Rice died at the age 73 on July 13, 1954, following a stroke. Rice's autobiography The Tumult and the Shouting, the title a reference to Kipling, was published in 1954. He is interred at Woodlawn Cemetery in the Bronx, New York City.

=== Legacy ===
By one estimate, Rice wrote more than 22,000 columns and more than 67,000,000 words.

In 1951, in recognition of Rice's 50 years in journalism, an anonymous donor contributed $50,000 to establish the Grantland Rice Fellowship in Journalism with The New York Community Trust. In 1954, the Football Writers Association of America (FWAA) established the Grantland Rice Trophy, an annual award presented (from 1954 to 2013) to the college football team recognized by the FWAA as the national champions. The Grantland Rice Bowl, an annual college football bowl game held from 1964 to 1977, was named in his honor, as was the Grantland Rice Award given to the winner. Rice was posthumously awarded the 1966 J. G. Taylor Spink Award by the Baseball Writers' Association of America. The award, presented the following year at the annual induction ceremony at the Baseball Hall of Fame, is given for "meritorious contributions to baseball writing".

At Vanderbilt, a four-year scholarship named for Rice and former colleague and fellow Vanderbilt alumnus Fred Russell is awarded each year to an incoming first-year student who intends to pursue a career in sportswriting. Recipients of the Fred Russell–Grantland Rice Sportswriting Scholarship include author and humorist Roy Blount Jr.; Skip Bayless of Fox Sports and New York Times best-selling author, Andrew Maraniss. The press box in Vanderbilt Stadium at Vanderbilt University is dedicated to Rice and named after Rice's protégé, Fred Russell. For many years, a portion of one floor of the Columbia University Graduate School of Journalism was designated the "Grantland Rice Suite". Grantland Avenue in his hometown of Murfreesboro, Tennessee, was named in his honor.

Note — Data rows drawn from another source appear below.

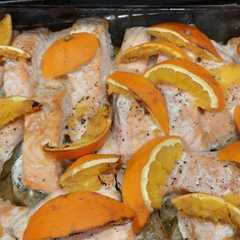 Una foto de Salmón al horno a la naranja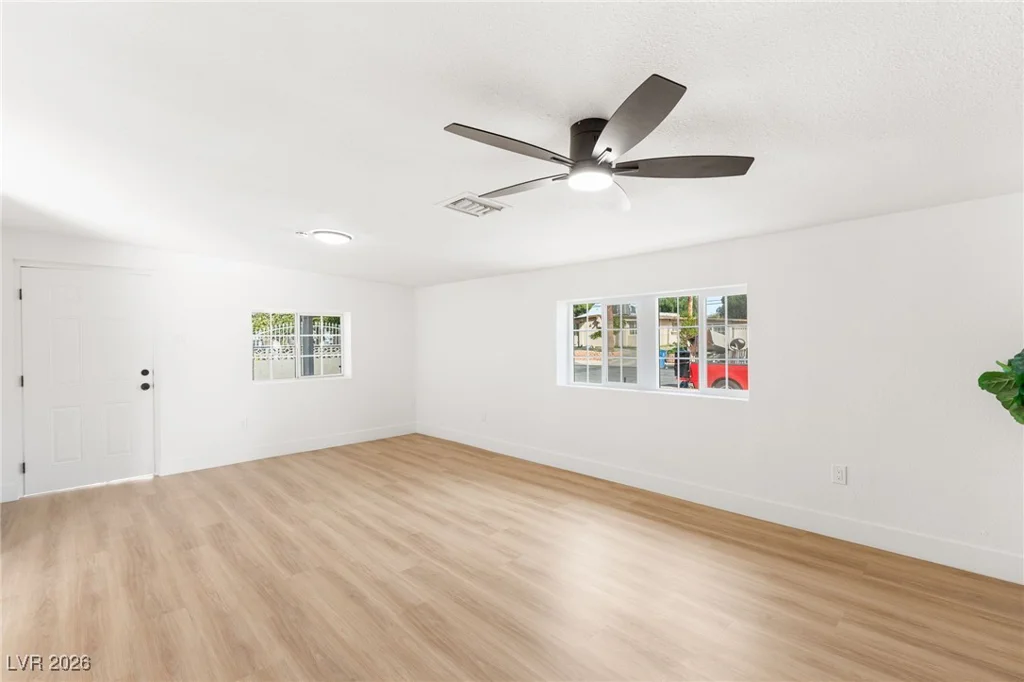 1305 Sattes, Las Vegas, NV 89101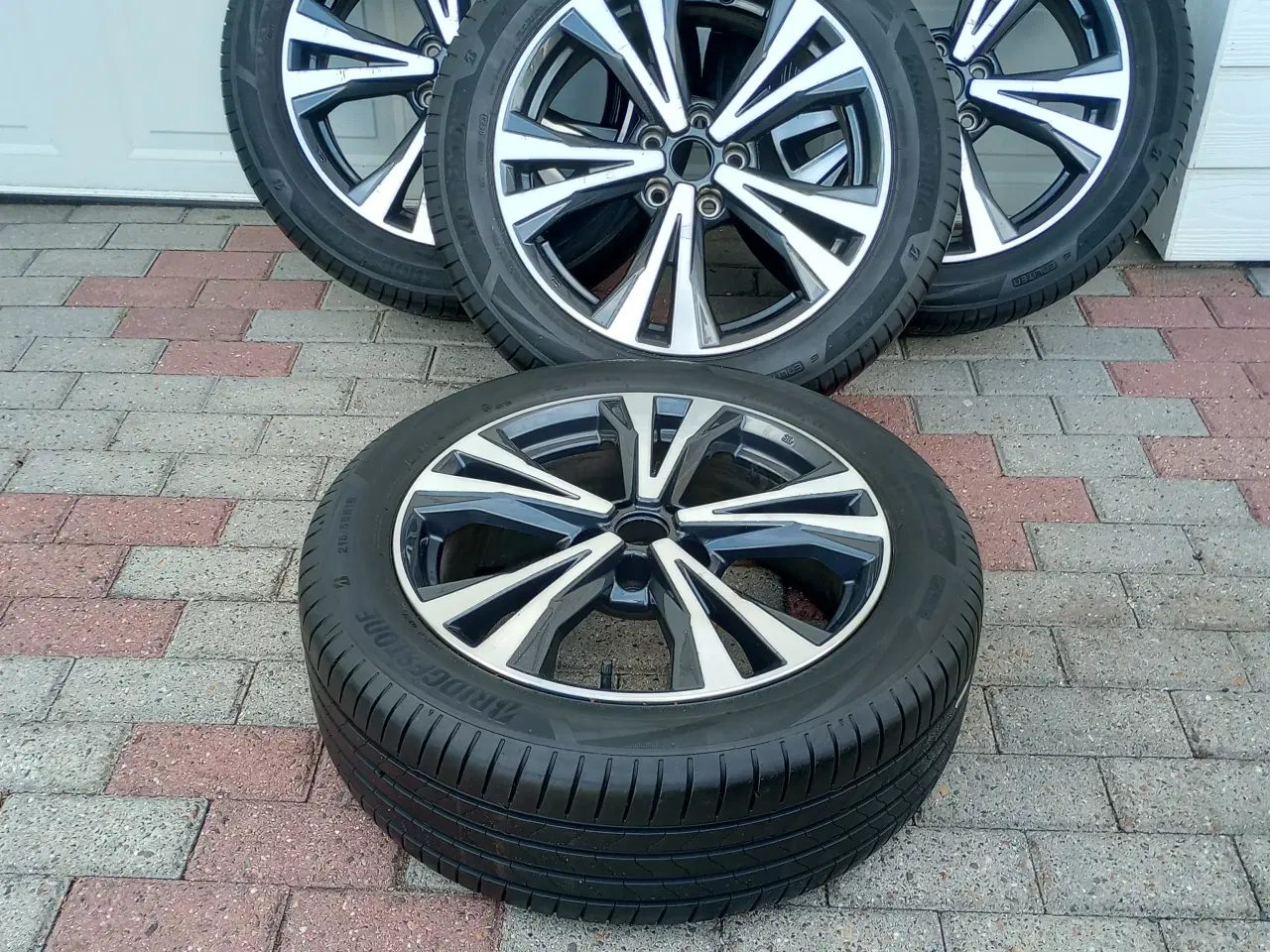 Billede 1 - Alufælge 5x114,3 - Nye dæk, Tpms, bud modtages !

Rice was mentioned in an I Love Lucy episode entitled "The Camping Trip", and was portrayed by actor Lane Smith, also a native of Tennessee, in The Legend of Bagger Vance. On June 8, 2011, ESPN's Bill Simmons launched a sports and popular culture website titled Grantland, a name intended to honor Rice's legacy. It operated for a little more than four years until being shuttered by ESPN on October 30, 2015, several months after Simmons's departure.